Adds a fully connected layer.

  `fully_connected` creates a variable called `weights`, representing a fully
  connected weight matrix, which is multiplied by the `inputs` to produce a
  `Tensor` of hidden units. If a `normalizer_fn` is provided (such as
  `batch_norm`), it is then applied. Otherwise, if `normalizer_fn` is
  None and a `biases_initializer` is provided then a `biases` variable would be
  created and added the hidden units. Finally, if `activation_fn` is not `None`,
  it is applied to the hidden units as well.

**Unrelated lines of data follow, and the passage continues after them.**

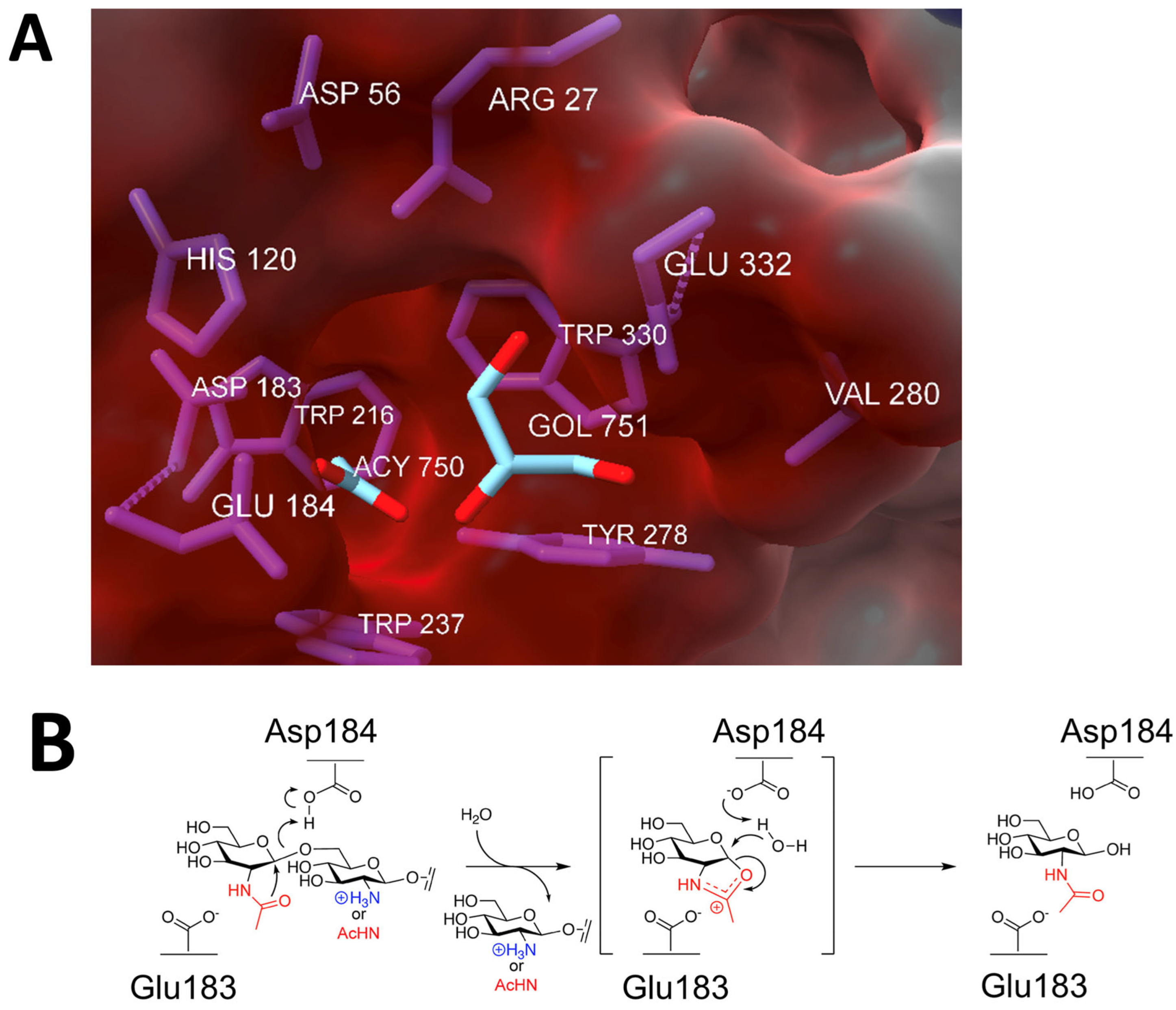 Pathogens 13 00668 g004 Pathogens 13 00668 g004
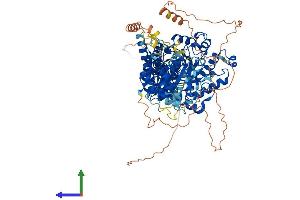 AlphaFold protein structure predicition of Mouse Recombinant Oga Protein, UniprotID Q9EQQ9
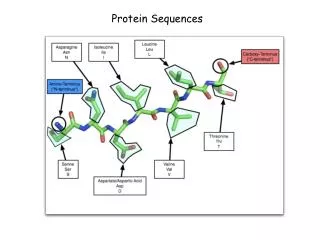 Protein Sequences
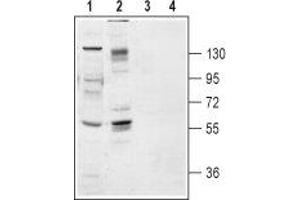 Western Blotting (WB) image for anti-Neurotrophic Tyrosine Kinase, Receptor, Type 2 (NTRK2) (AA 57-70), (Extracellular) antibody (ABIN7043388)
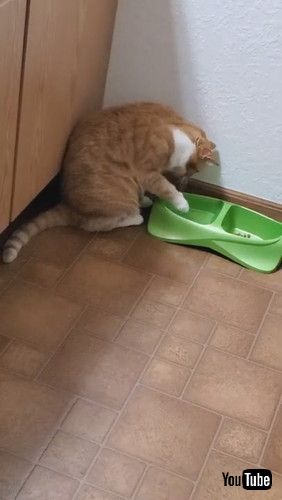 「Kiyoko the Cat Using Paw to Drink Water || ViralHog」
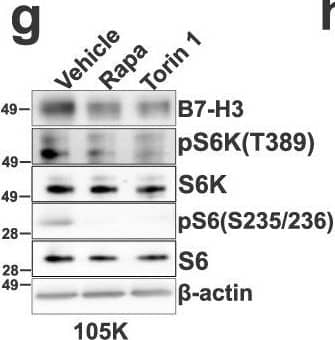 B7-H3 expression is regulated by mTORC1.B7-H3 protein expression in Tsc2−/− 105K cells with stable reconstitution of TSC2 or empty vector (EV) (a), TSC2−/− 621-101 angiomyolipoma-derived cells with reconstitution of TSC2 or empty vector (EV) (b), and Tsc2-WT and Tsc2 KO MEFs (c). For all figure legends, n = 3 indicates representative of 3 biologic samples (n = 3). B7-H3 mRNA expression in Tsc2−/− 105K cells with stable reconstitution of TSC2 or empty vector (EV) (d), TSC2−/− 621-101 angiomyolipoma tumor cells with reconstitution of TSC2 or empty vector (EV) (e), Tsc2-WT and Tsc2 KO MEFs (f). Means ± SD, two-tailed unpaired Student’s t-test (d, f) or one-way ANOVA with Dunnett’s multiple comparisons test (e), *p < 0.05, **p < 0.01. n = 3. B7-H3 protein expression in Tsc2−/− 105K cells (g), TSC2−/− 621-101 angiomyolipoma tumor cells (h), and Tsc2 KO MEFs (i) treated with 20 nM rapamycin (Rapa), 500 nM Torin 1 or vehicle for 24 hr (n = 3). B7-H3 mRNA expression in Tsc2−/− 105K cells (j), TSC2−/− 621-101 angiomyolipoma tumor cells (k), and Tsc2 KO MEFs (l) treated with 20 nM rapamycin (Rapa), 500 nM Torin 1, or vehicle for 24 hr. n = 3, means ± SD, one-way ANOVA with Dunnett’s multiple comparisons test, *p < 0.05, **p < 0.01, ***p < 0.001. m Immunoblotting analysis of Tsc2-WT and Tsc2 KO MEFs transfected with non-targeting control siRNA (Ctrl) or SMARTpool siRNAs targeting Raptor, Rictor, mTOR, S6K, or 4E-BP1 for 48 h hr (n = 3). n qRT-PCR analysis of Tsc2-WT and Tsc2 KO MEFs transfected with non-targeting control siRNA (Ctrl) or SMARTpool siRNAs targeting either Raptor, Rictor, mTOR, S6K, or 4E-BP1 for 48 hr. n = 3, means ± SD, two-way ANOVA with Dunnett’s multiple comparisons test, ***p < 0.001, ****p < 0.0001. Source data and exact p values are provided in the Source data file. Image collected and cropped by CiteAb from the following open publication (//pubmed.ncbi.nlm.nih.gov/36869048), licensed under a CC-BY license. Not internally tested by R&D Systems.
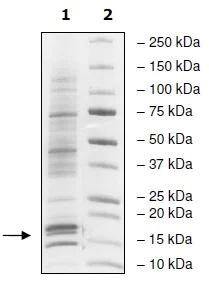 SDS-PAGE - Human Nucleosome protein (AB271797)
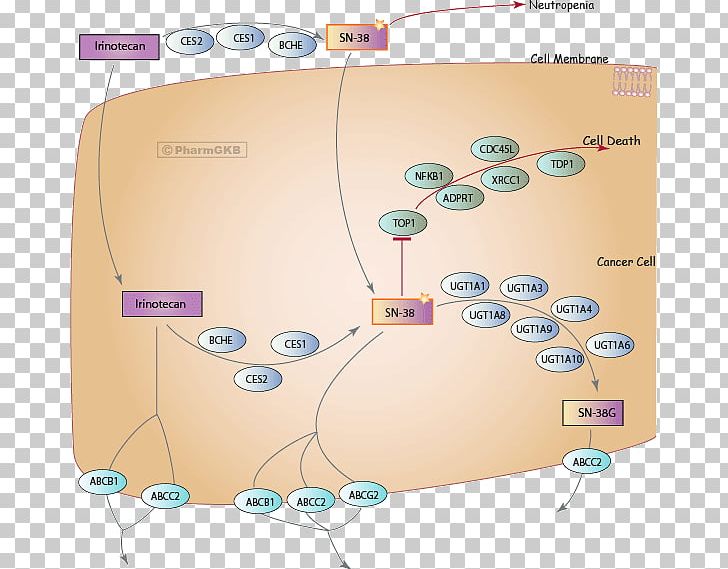 SN-38 Irinotecan Metabolic Pathway PharmGKB Topoisomerase PNG, Clipart, Cell, Colorectal Cancer, Drug Metabolism, Enzyme, Enzyme Inhibitor Free PNG Download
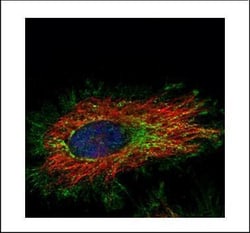 Invitrogen KLHL2 Polyclonal Antibody 100 &mu;L; Unconjugated:Antibodies,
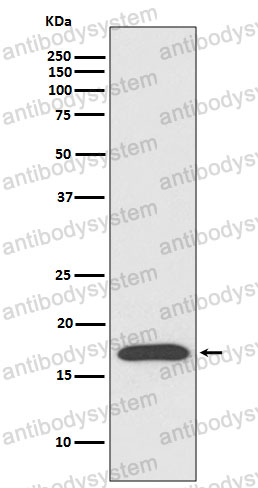 Anti-PPIA Antibody (R2A54)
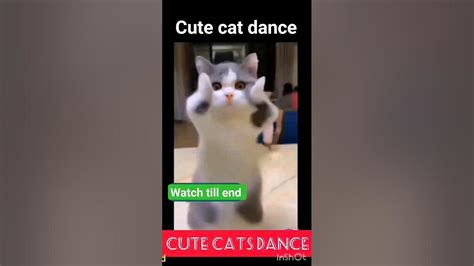 Cute Cat Dance 🩰 Shorts Funny Viral Cute Youtube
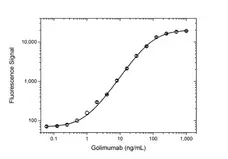 Anti Golimumab Antibody, clone AbD25455 gallery image 4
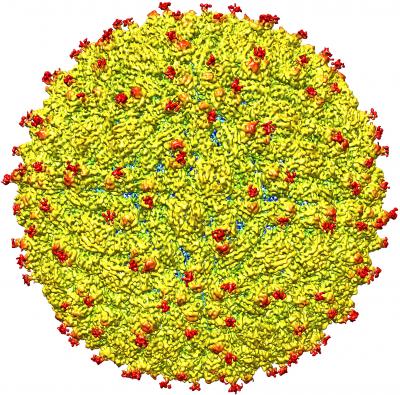 Zika Virus Surface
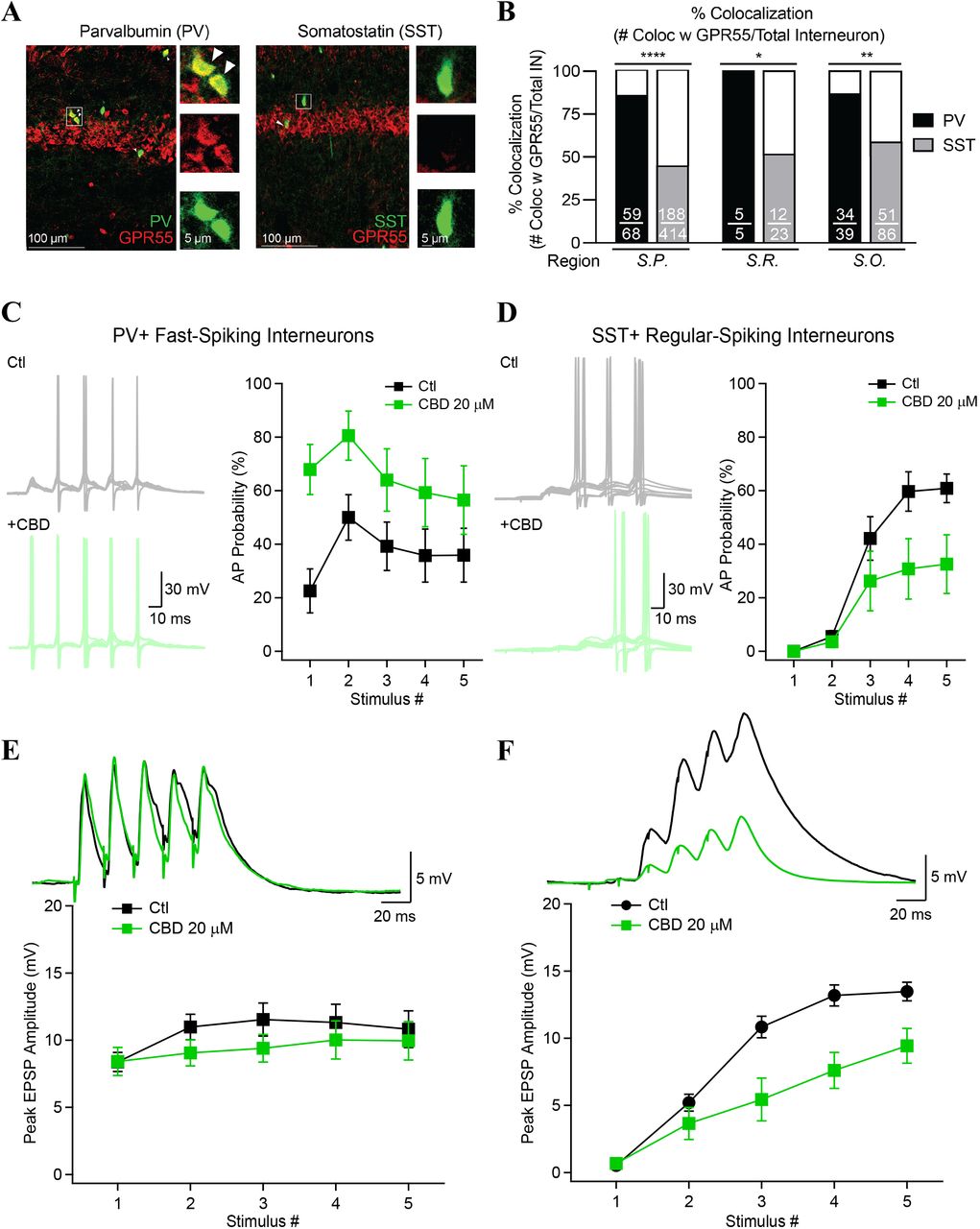 Cannabidiol increases the recruitment of PV-INs but decreases the recruitment of SST-INs.A, Confocal images in the CA1 hippocampus showing colocalization between GPR55 (red) and PV (green, left) or SST (green, right) using sections from PV– and SST-Ai9 mice, respectively. Insets denote representative cells as labeled by white box. Arrowheads represent colocalized cells. B, GPR55 colocalizes more with PV-INs than SST-INs (n = 2-3 slices each from n = 3 age– and gender-matched mice from each genotype (n=7 total slices). Fractions in bar graphs represent the number of GPR55 co-expressing cells divided by the number of INs. Results analyzed via Chi Squared comparisons between genotypes: S.P. p < 0.0001; S.R. p = 0.0472; and S.O. p = 0.002. C, Current-clamp recordings from fast-spiking PV-INs and regular-spiking SST-INs (identified in situ by the expression of TdTomato) (D) during 5X50 Hz stimulation of Schaffer collaterals. Action potential likelihood as a function of stimulus number is shown. E, F, Synaptic potentials recorded in PV– and SST-INs in control (black) and after the application of CBD.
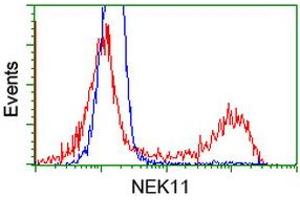 HEK293T cells transfected with either RC221953 overexpress plasmid (Red) or empty vector control plasmid (Blue) were immunostained by anti-NEK11 antibody (ABIN2453346), and then analyzed by flow cytometry.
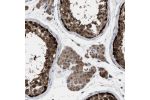 Immunohistochemical staining of human testis shows positivity in cells in seminiferous ducts and in Leydig cells.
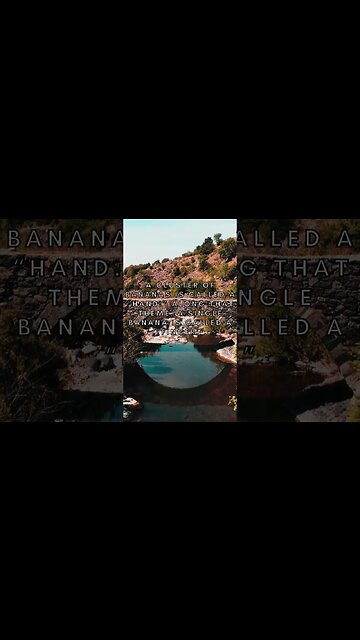 RANDOM FACTS! #shorts #facts #mindblowingfacts #viralshorts #fyp #life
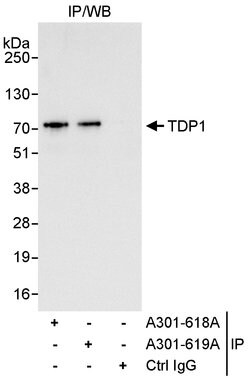 TDP1 Rabbit anti-Human, Polyclonal, Bethyl Laboratories 100 &mu;L; Unconjugated:Antibodies,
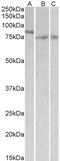 BLK Proto-Oncogene, Src Family Tyrosine Kinase antibody, 42-447, ProSci, Western Blot image 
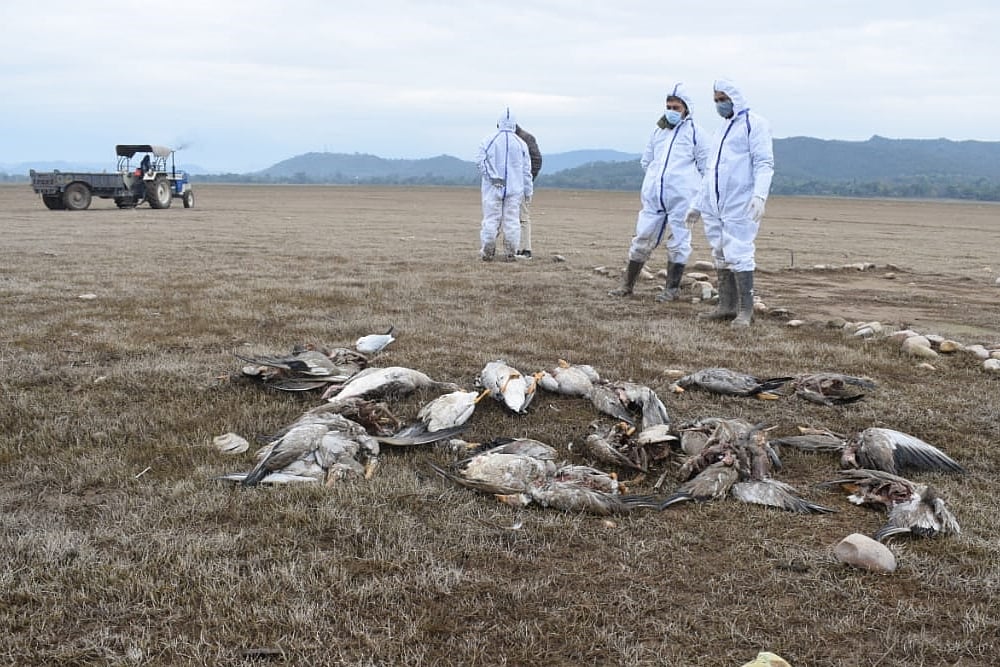 65 Bird Flu Teams Monitoring Virus Impact On Migratory, Local Birds: Himachal CM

  Note: that if `inputs` have a rank greater than 2, then `inputs` is flattened
  prior to the initial matrix multiply by `weights`.

  Args:
    inputs: A tensor of at least rank 2 and static value for the last dimension;
      i.e. `[batch_size, depth]`, `[None, None, None, channels]`.
    num_outputs: Integer or long, the number of output units in the layer.
    activation_fn: Activation function. The default value is a ReLU function.
      Explicitly set it to

In [11]:
from IPython.display import display_markdown
display_markdown(tf.gather.__doc__, raw=True)

Gather slices from `params` according to `indices`.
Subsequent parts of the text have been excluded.